• **TO DO**
Each line in the records that mentions the word "image" needs to be listed.

• **DATA FOR REVIEW**
==============================

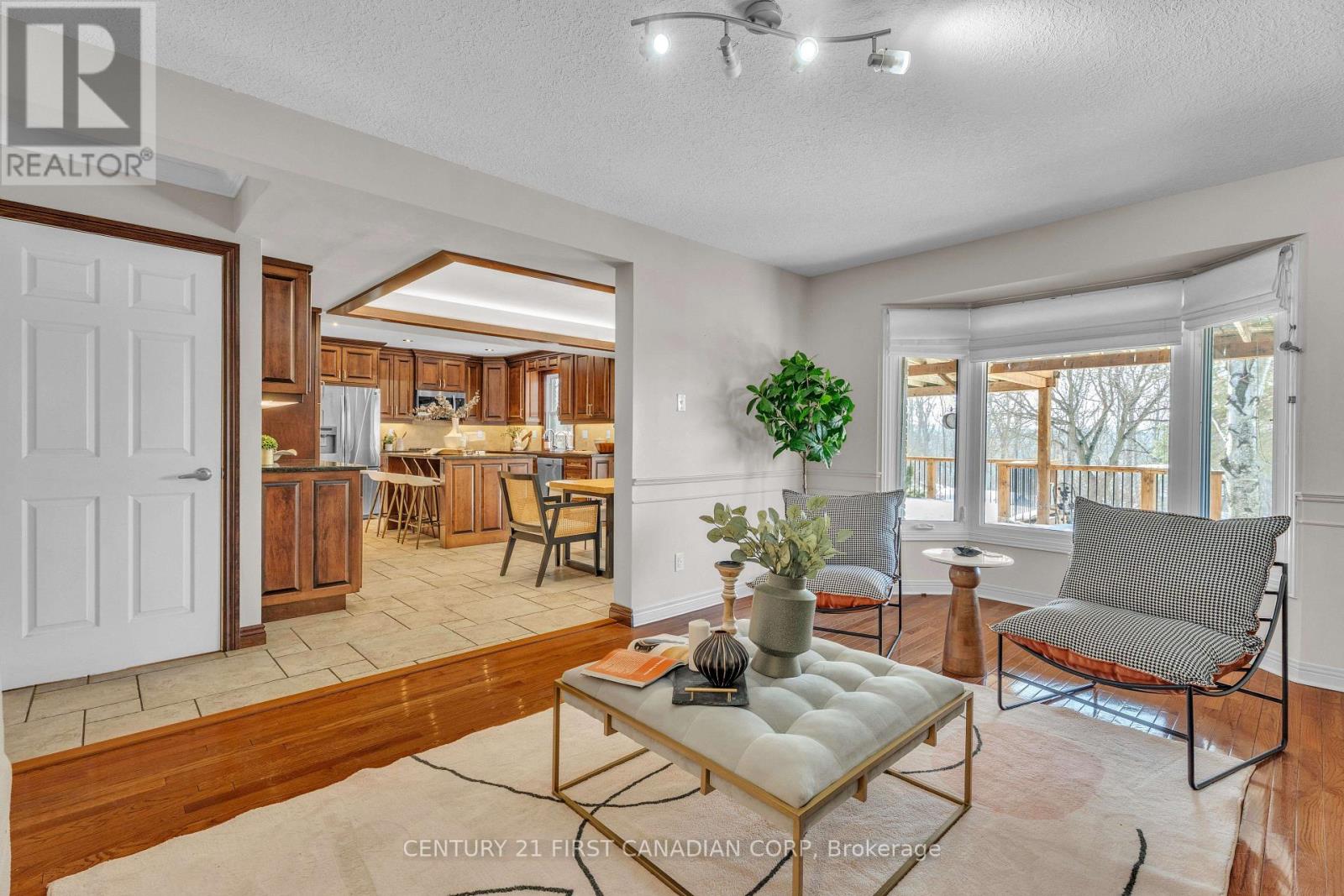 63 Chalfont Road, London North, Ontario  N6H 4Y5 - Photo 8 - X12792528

==============================

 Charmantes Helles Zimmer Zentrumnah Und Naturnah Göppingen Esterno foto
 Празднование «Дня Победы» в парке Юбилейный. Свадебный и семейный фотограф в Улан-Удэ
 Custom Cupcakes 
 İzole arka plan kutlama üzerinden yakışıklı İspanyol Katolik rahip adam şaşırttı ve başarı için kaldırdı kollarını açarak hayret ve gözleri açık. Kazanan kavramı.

==============================

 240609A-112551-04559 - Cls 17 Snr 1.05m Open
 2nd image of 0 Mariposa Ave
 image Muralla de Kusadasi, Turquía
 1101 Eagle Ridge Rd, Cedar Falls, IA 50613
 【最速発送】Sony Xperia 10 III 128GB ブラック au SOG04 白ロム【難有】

==============================

• **SOLUTION TO THE PROBLEM**
 2nd image of 0 Mariposa Ave
 image Muralla de Kusadasi, Turquía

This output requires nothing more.